Segment Open

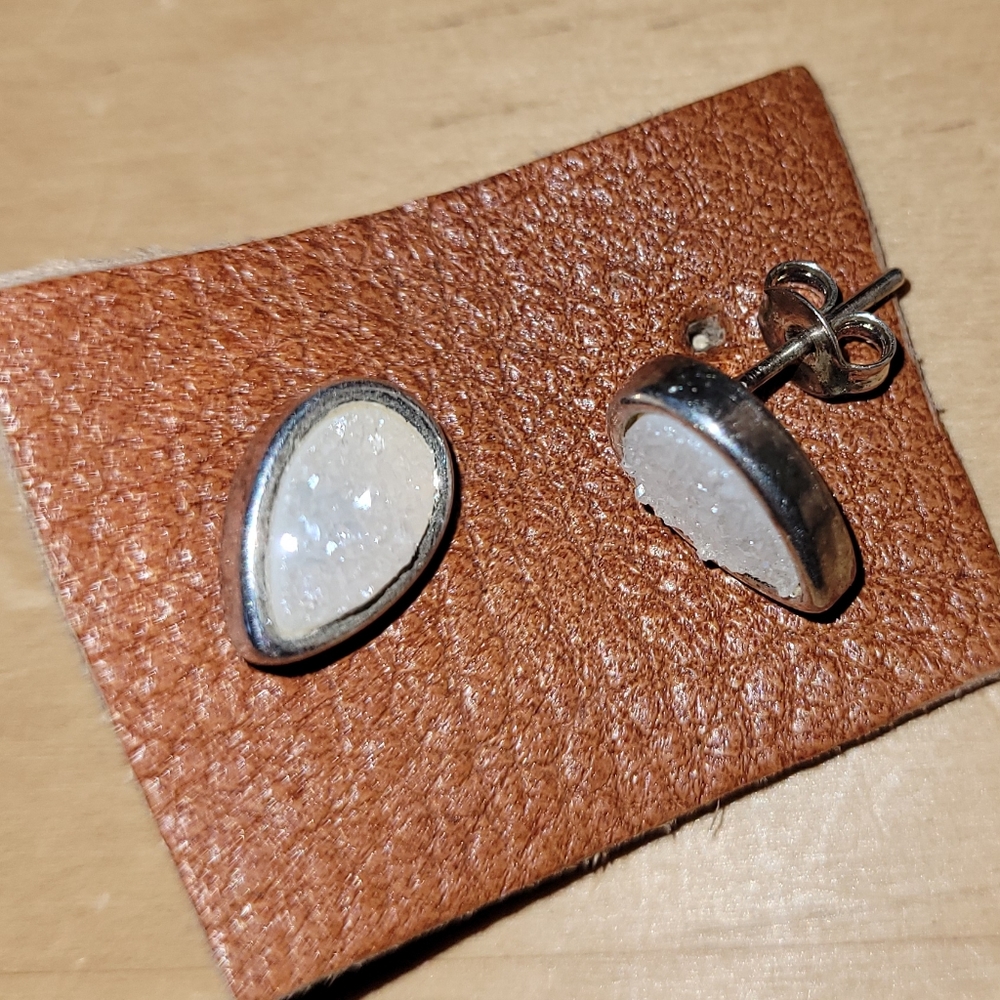 Druzy crystal earrings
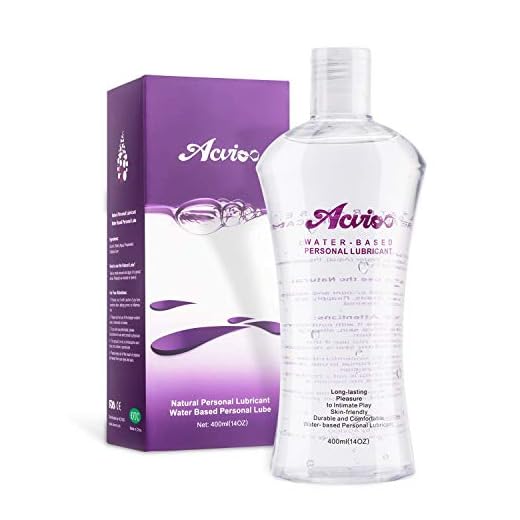 Acvioo Gel Lubricante Intimo Sexual a Base de Agua (400ML)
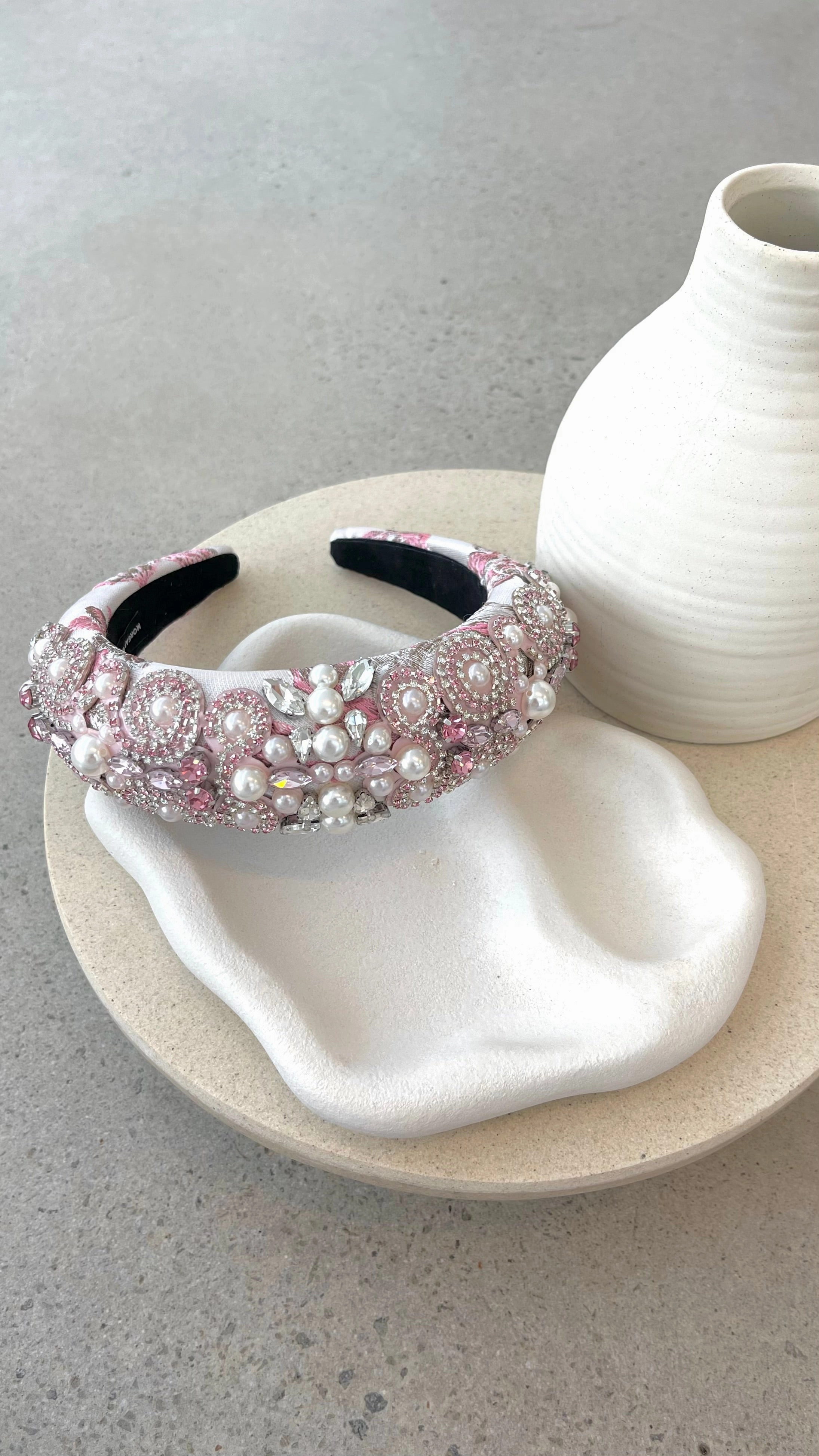 Anna Headband - Pink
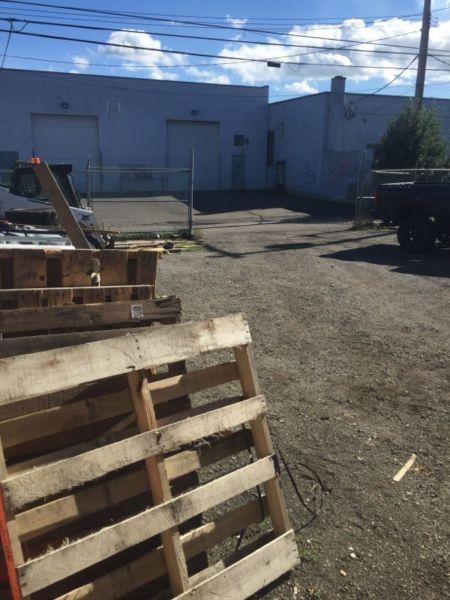 Shop with gated yard for lease downtown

Segment Closed

EXERCISE DESCRIPTION: The expected result is the material restated word for word, minus any picture.

PROBLEM SOLUTION:
 Druzy crystal earrings
 Acvioo Gel Lubricante Intimo Sexual a Base de Agua (400ML)
 Anna Headband - Pink
 Shop with gated yard for lease downtown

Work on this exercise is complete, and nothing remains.